What is required
Emit a verbatim copy of the lines below from the line with "Landscape 136CS Counted Cross-Stitch Kit" through the line with "画像をギャラリービューアに読み込む, CHAIN CHECK", excluding pictures and everything outside that range.
+++ Extracted information +++
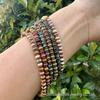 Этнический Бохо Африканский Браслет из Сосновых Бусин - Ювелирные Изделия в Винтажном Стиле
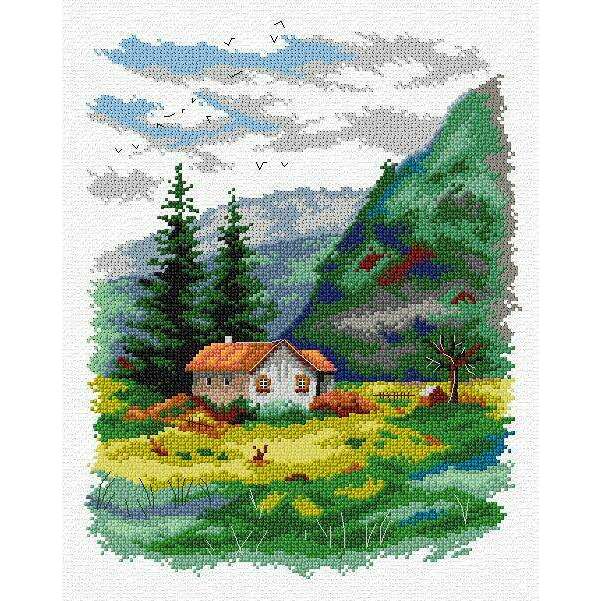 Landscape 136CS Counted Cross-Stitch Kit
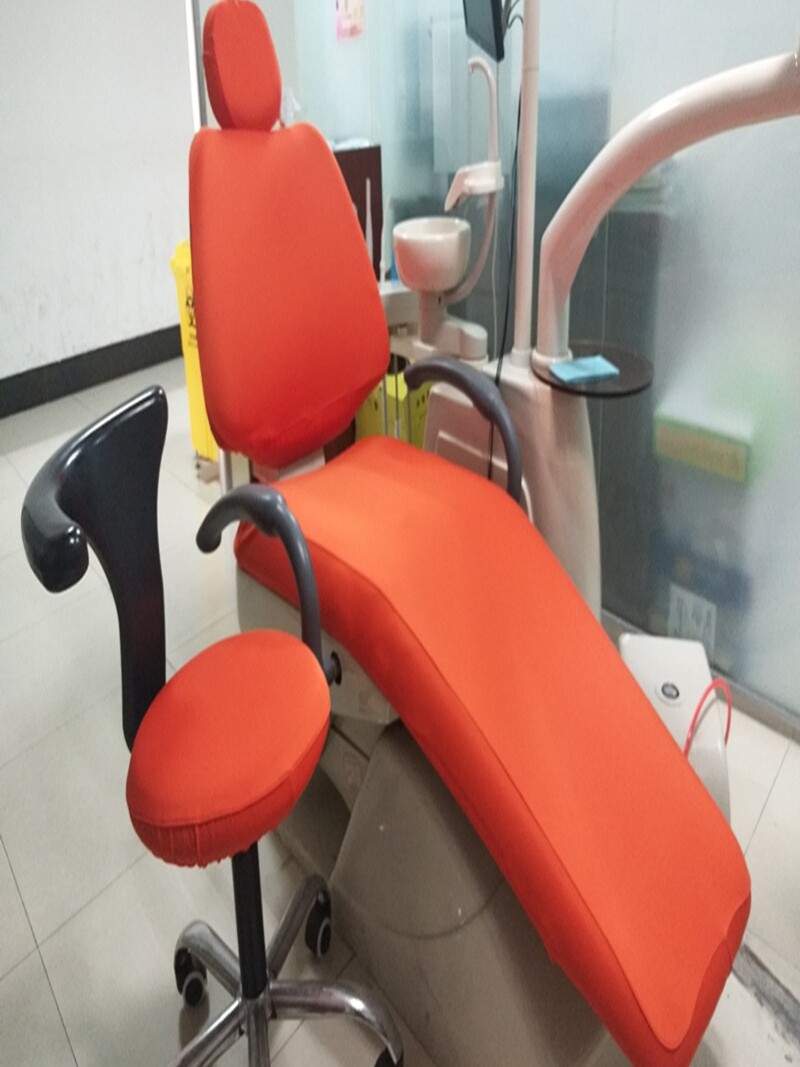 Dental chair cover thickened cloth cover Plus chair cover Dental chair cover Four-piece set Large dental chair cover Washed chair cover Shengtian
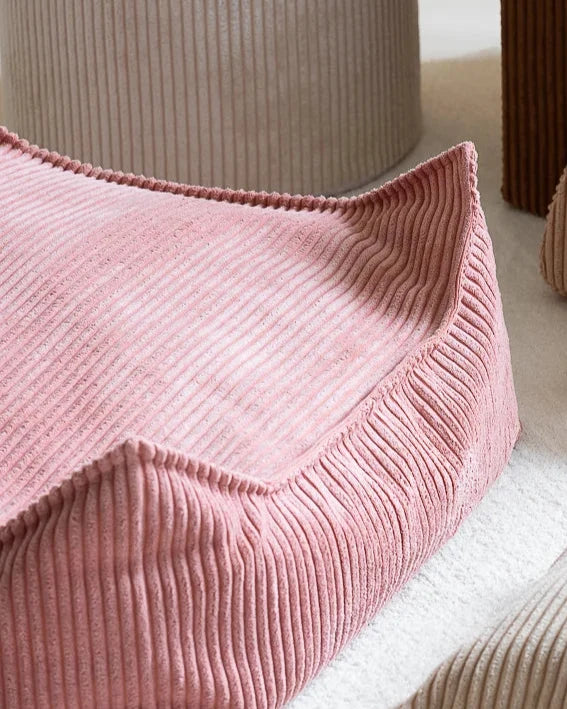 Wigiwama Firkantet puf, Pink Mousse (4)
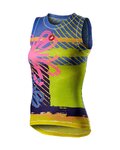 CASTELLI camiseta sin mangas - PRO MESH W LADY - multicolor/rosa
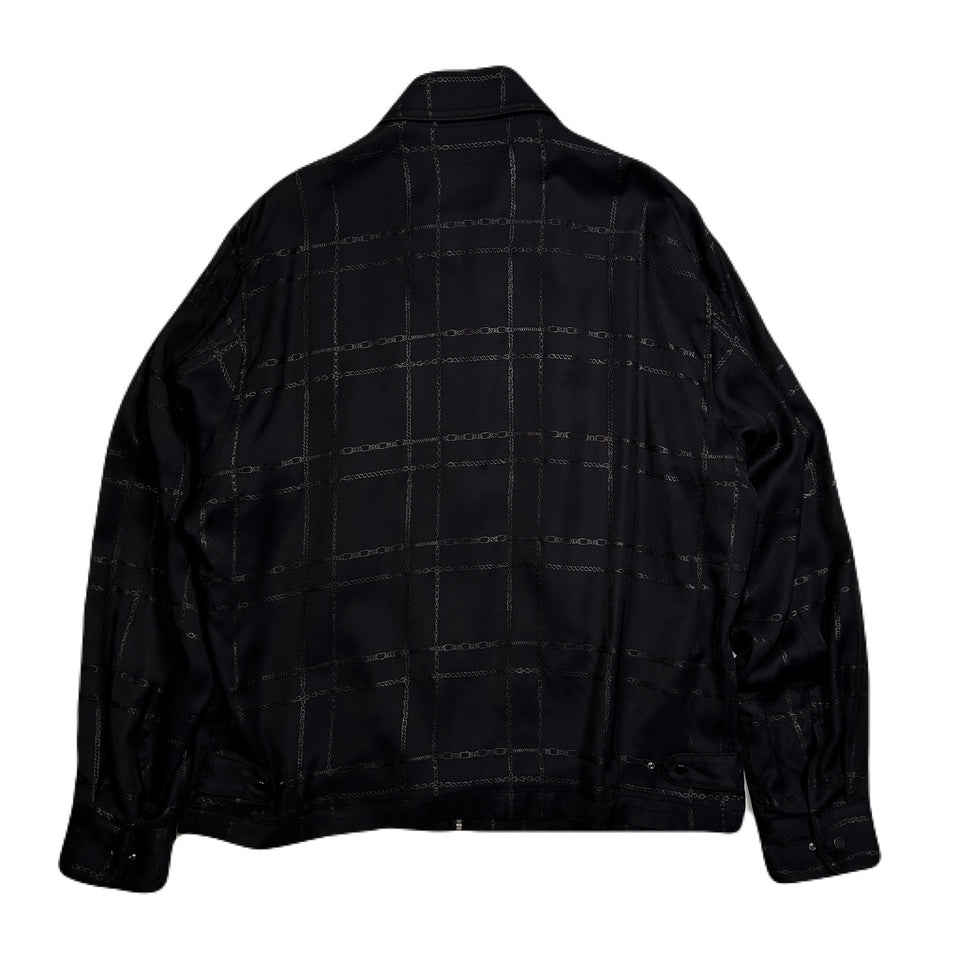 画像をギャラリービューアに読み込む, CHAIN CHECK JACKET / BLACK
+++
+++ Extracted information +++
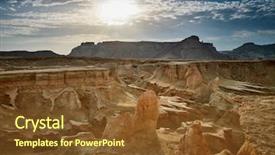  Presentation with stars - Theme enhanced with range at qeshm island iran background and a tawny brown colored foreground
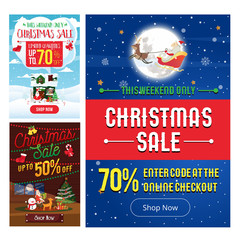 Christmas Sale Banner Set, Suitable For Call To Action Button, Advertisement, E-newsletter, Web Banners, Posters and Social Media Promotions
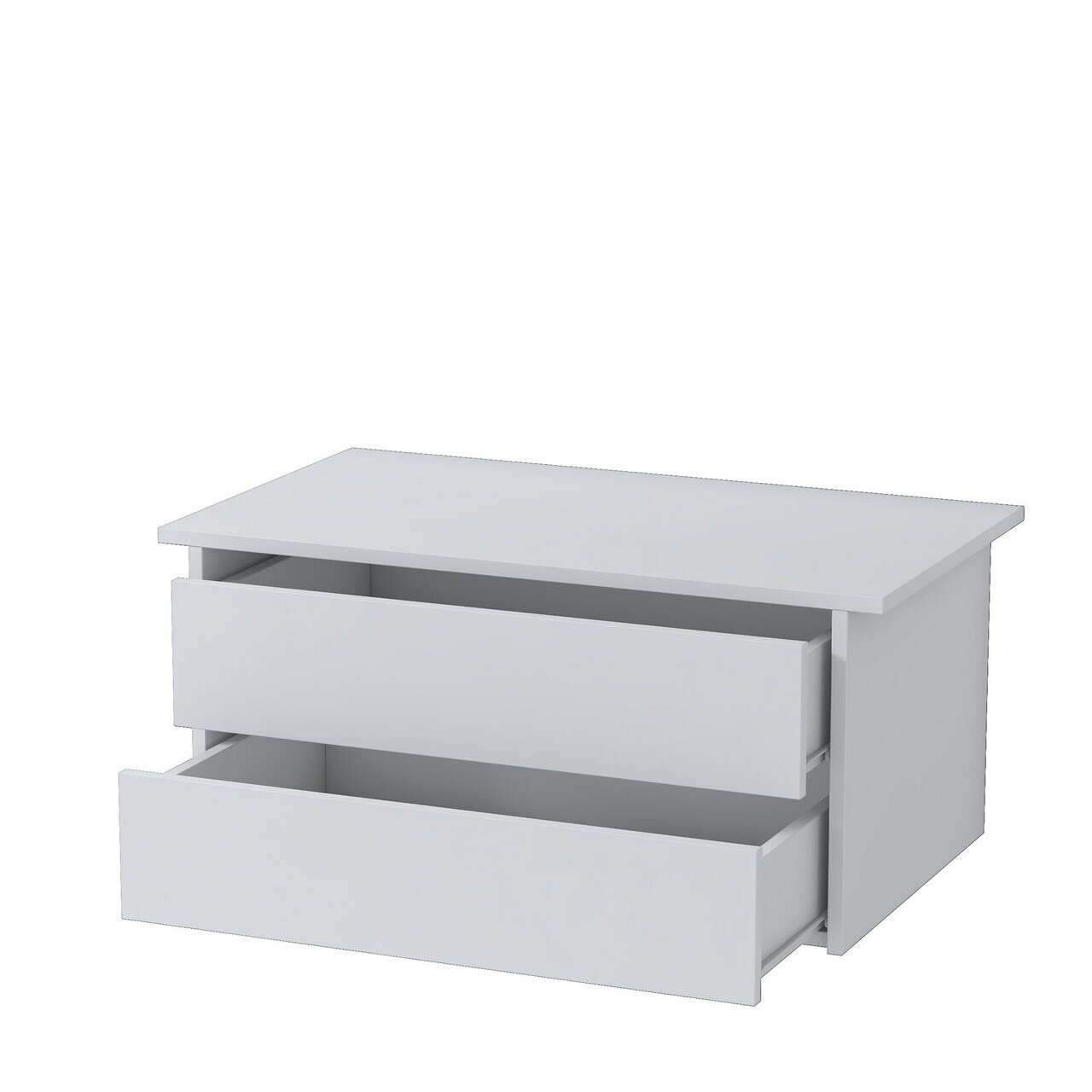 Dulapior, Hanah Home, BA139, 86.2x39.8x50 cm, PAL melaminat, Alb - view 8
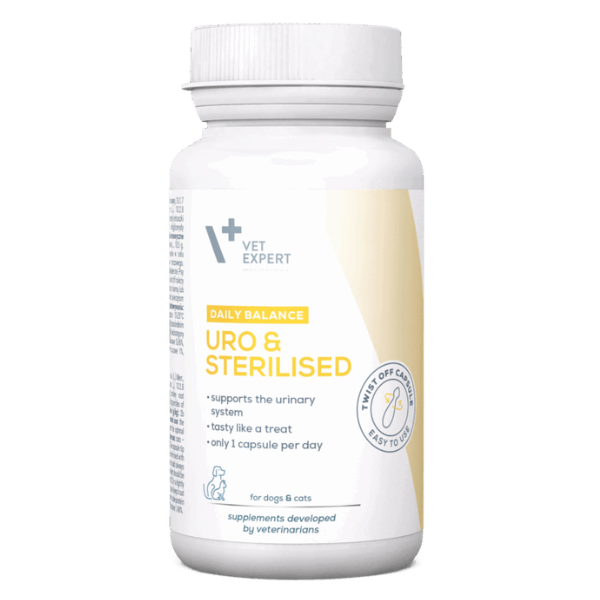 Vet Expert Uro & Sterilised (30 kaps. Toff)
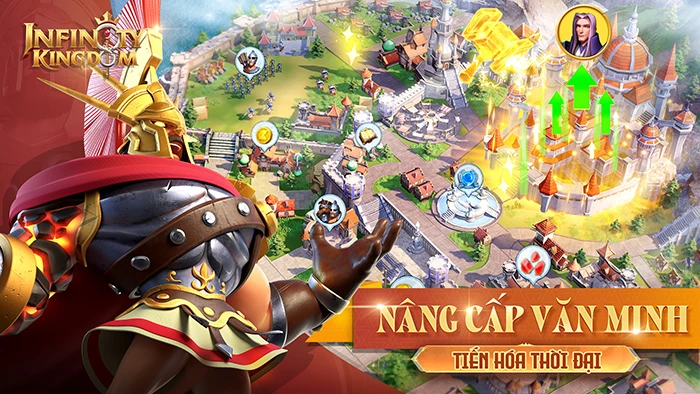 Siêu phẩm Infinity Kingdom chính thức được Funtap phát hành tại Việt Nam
+++
Task response
 Landscape 136CS Counted Cross-Stitch Kit
 Dental chair cover thickened cloth cover Plus chair cover Dental chair cover Four-piece set Large dental chair cover Washed chair cover Shengtian
 Wigiwama Firkantet puf, Pink Mousse (4)
 CASTELLI camiseta sin mangas - PRO MESH W LADY - multicolor/rosa
 画像をギャラリービューアに読み込む, CHAIN CHECK JACKET / BLACK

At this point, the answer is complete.